» Work to be completed
Exactly the lines below starting at the line with "Picture 07 - Yeremyaah" and ending at the line with "Domaine Les Brome" are wanted, with both ends included. Leave out the pictures and add no other lines.

» Data for review
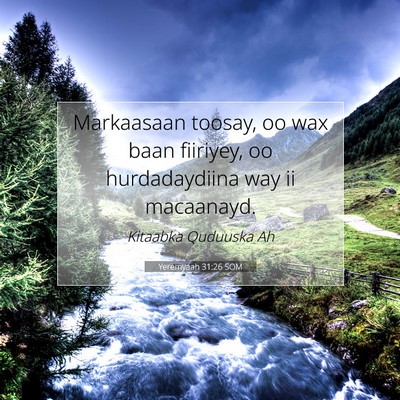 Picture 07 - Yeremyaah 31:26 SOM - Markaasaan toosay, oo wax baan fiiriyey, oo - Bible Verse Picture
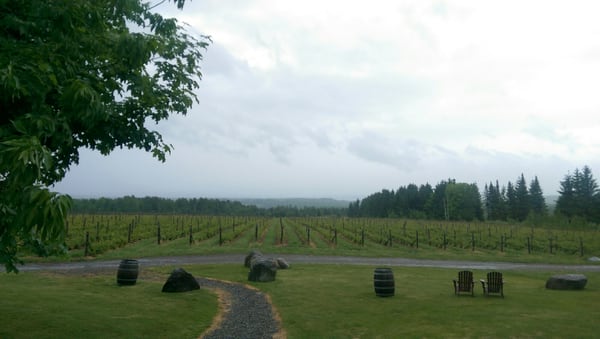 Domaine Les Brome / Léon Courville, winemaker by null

...

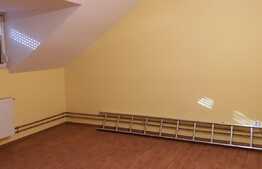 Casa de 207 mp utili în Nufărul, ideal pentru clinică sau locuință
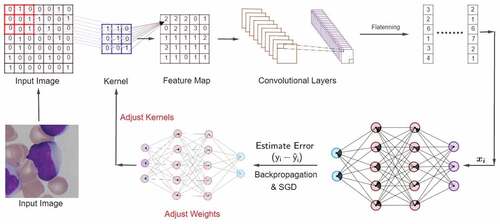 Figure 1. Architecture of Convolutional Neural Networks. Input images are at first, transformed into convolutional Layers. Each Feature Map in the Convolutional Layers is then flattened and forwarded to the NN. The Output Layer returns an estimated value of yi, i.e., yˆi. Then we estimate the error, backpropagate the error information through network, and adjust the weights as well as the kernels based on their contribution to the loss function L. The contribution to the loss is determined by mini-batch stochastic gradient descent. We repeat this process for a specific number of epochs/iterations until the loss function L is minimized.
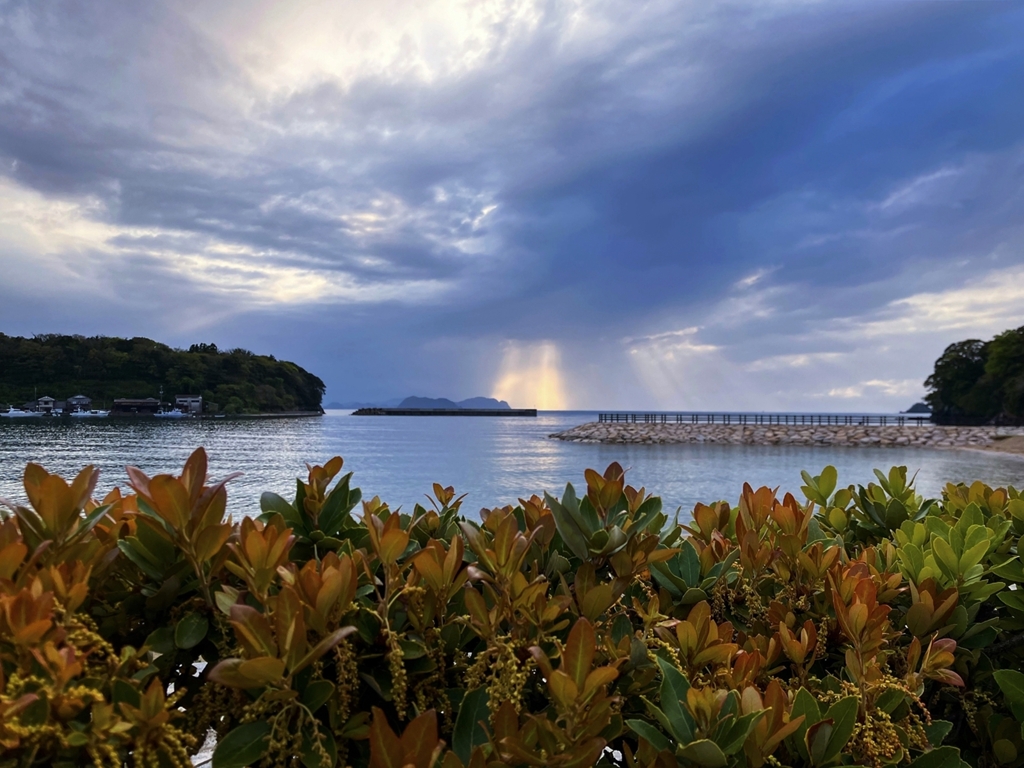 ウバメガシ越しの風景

» The answer
 Picture 07 - Yeremyaah 31:26 SOM - Markaasaan toosay, oo wax baan fiiriyey, oo - Bible Verse Picture
 Domaine Les Brome / Léon Courville, winemaker by null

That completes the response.